• [REQUIRED WORK]:
For the data that follows, print the line with "Snapshot of sassyt33n", the line with "554 Jade St, Petaluma, CA 94952 photo 5", and all lines between them, exactly as they stand. Omit pictures and add nothing.

• [EXERCISE DATA]:

┌──

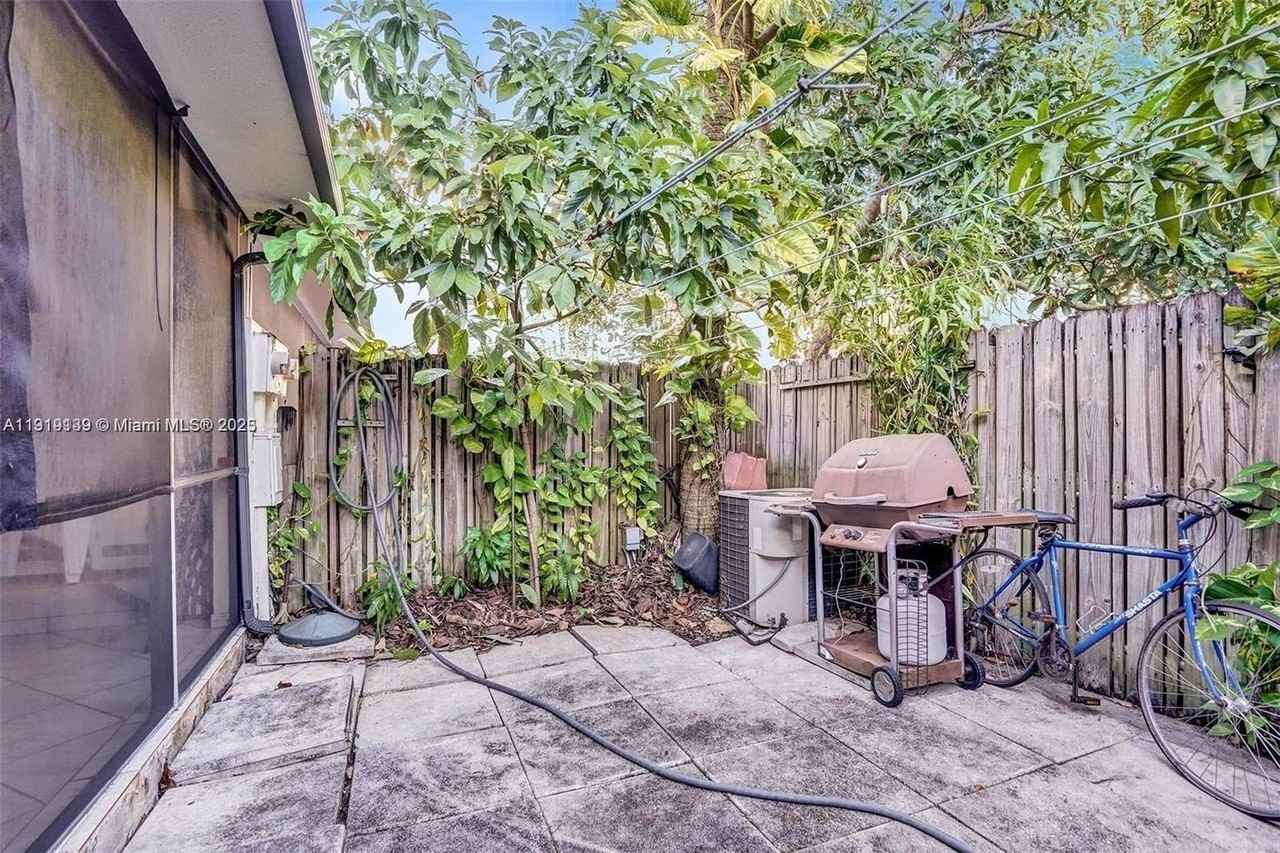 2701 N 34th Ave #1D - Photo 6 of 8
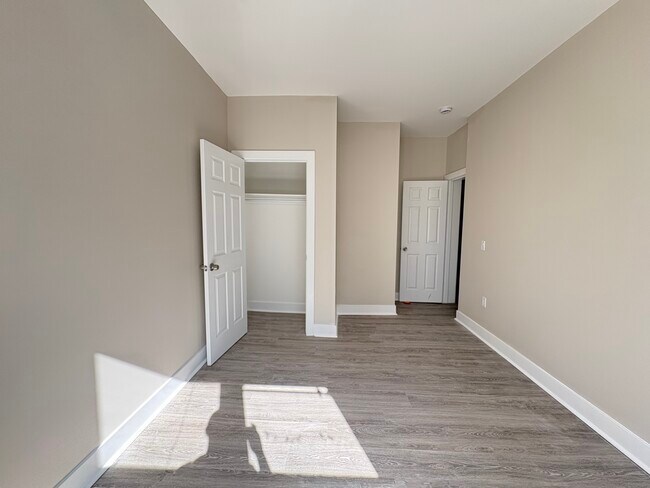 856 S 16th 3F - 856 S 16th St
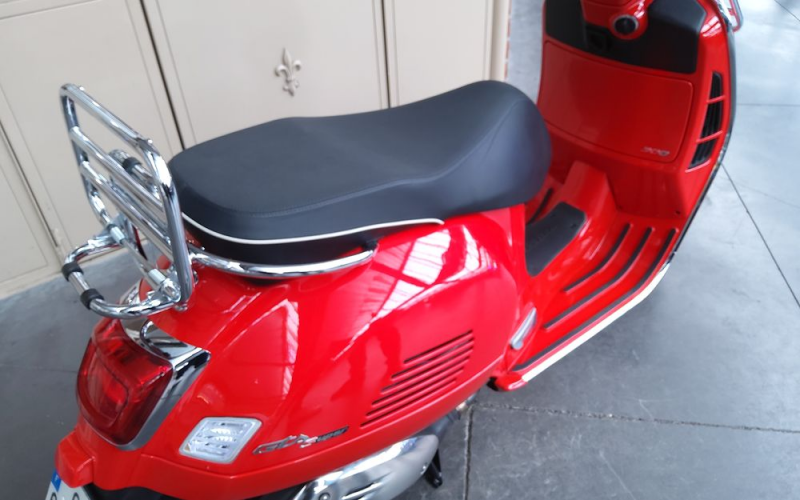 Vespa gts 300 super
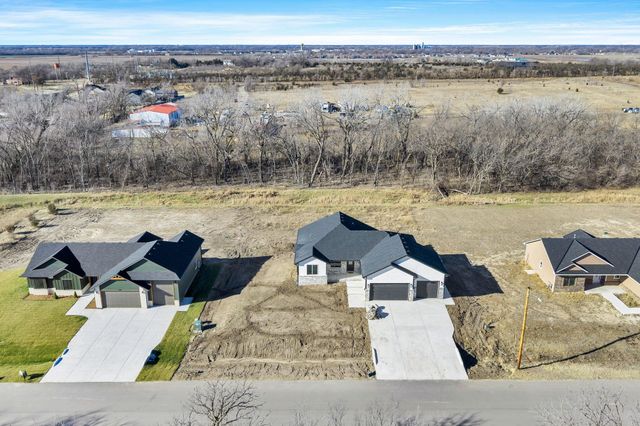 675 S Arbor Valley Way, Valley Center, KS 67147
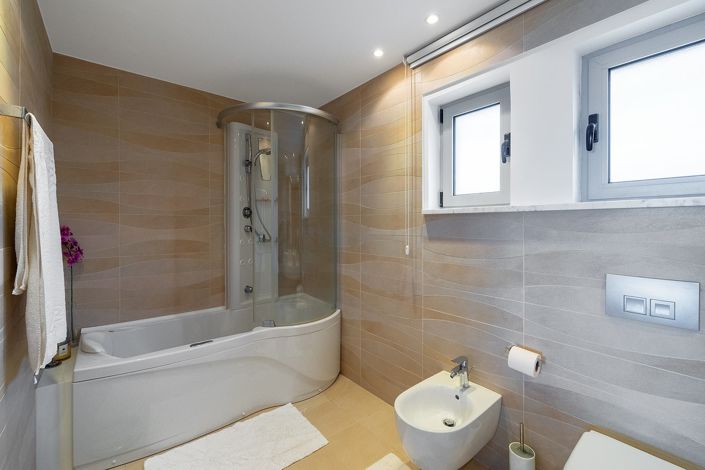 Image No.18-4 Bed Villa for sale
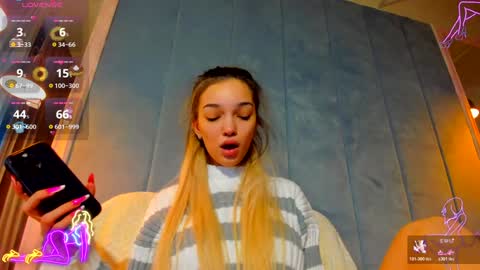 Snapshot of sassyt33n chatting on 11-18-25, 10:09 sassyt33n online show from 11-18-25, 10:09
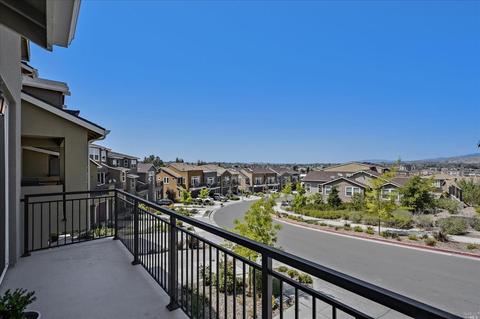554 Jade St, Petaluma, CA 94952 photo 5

└──
┌──

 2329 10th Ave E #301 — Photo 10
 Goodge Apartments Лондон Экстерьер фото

└──

• [YOUR RESPONSE]:
 Snapshot of sassyt33n chatting on 11-18-25, 10:09 sassyt33n online show from 11-18-25, 10:09
554 Jade St, Petaluma, CA 94952 photo 5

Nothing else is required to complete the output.